(The data Opens)

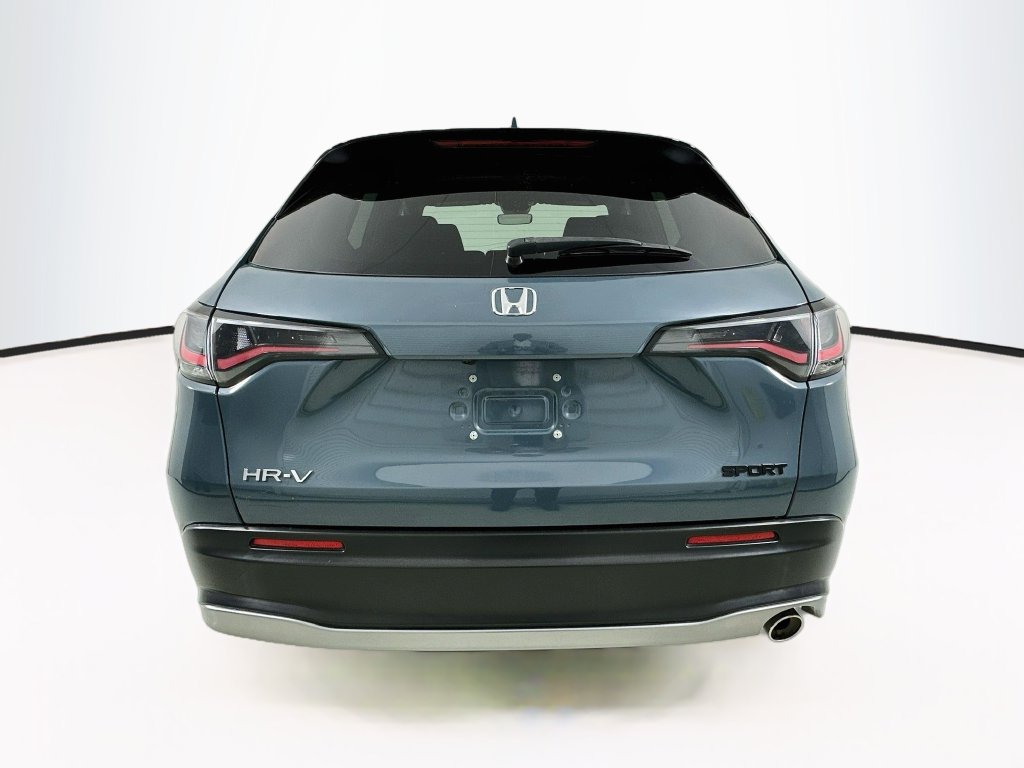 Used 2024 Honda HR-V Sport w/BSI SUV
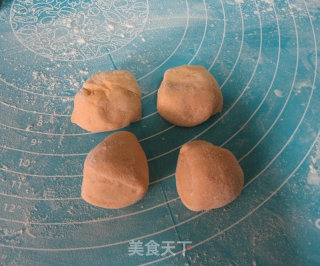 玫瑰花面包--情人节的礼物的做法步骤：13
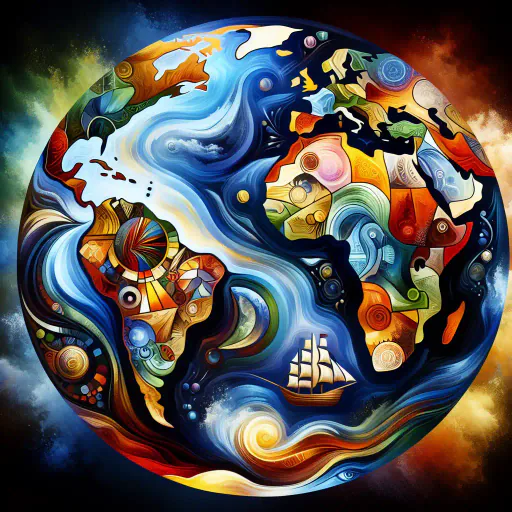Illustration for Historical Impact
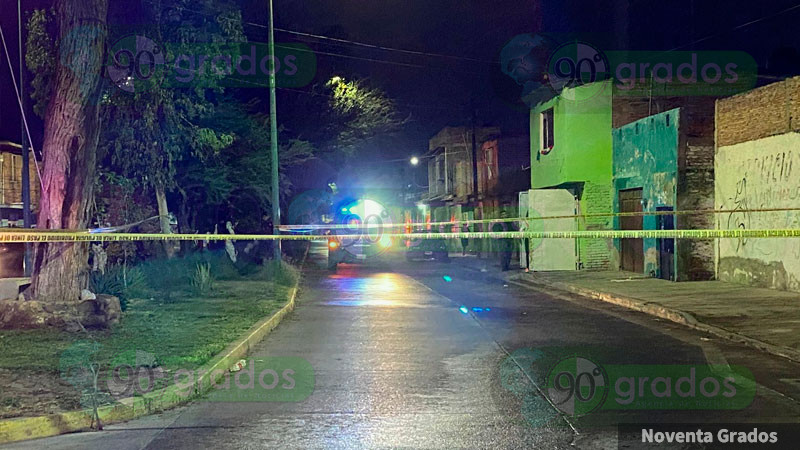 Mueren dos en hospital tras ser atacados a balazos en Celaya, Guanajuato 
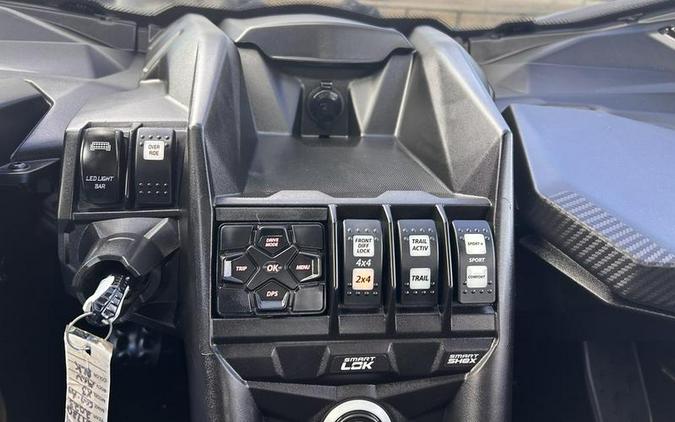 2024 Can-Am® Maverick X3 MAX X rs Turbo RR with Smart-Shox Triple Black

(The data Closes)
(The data Opens)

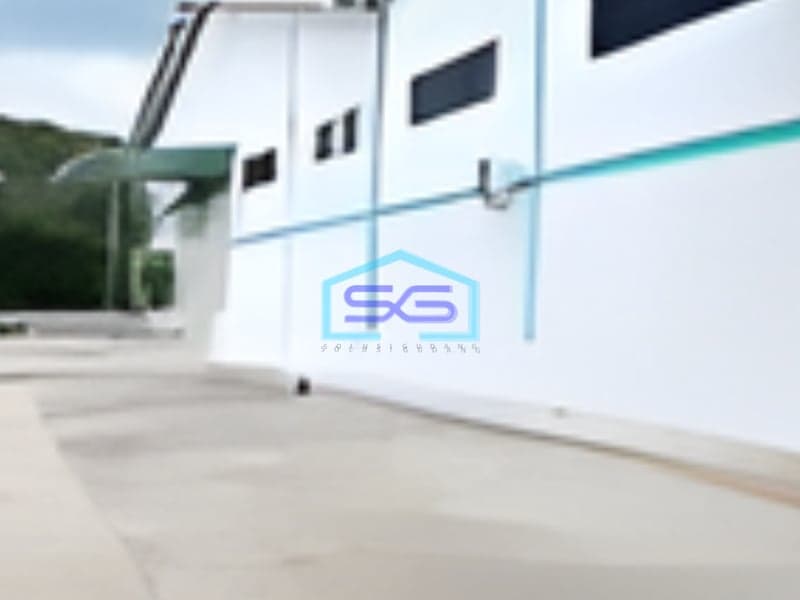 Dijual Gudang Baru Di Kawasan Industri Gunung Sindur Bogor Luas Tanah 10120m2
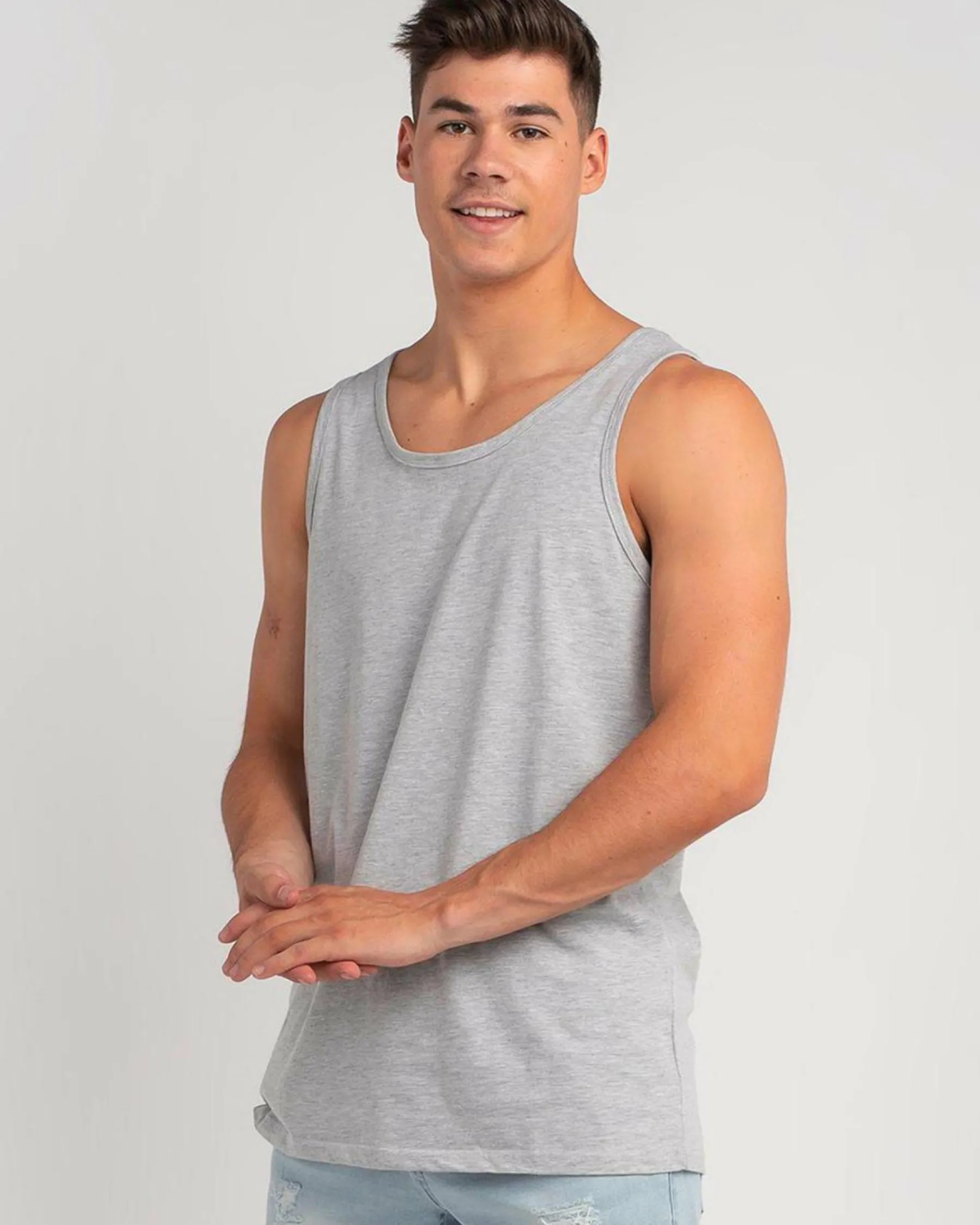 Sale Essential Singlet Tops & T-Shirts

(The data Closes)

--- What the exercise asks ---
Above are the records; copy from them only the lines starting at the one containing "Used 2024 Honda HR-V Sport w/BSI SUV" and ending at the one containing "2024 Can-Am® Maverick", exactly and without pictures.

--- Your solution ---
 Used 2024 Honda HR-V Sport w/BSI SUV
 玫瑰花面包--情人节的礼物的做法步骤：13
Illustration for Historical Impact
 Mueren dos en hospital tras ser atacados a balazos en Celaya, Guanajuato 
 2024 Can-Am® Maverick X3 MAX X rs Turbo RR with Smart-Shox Triple Black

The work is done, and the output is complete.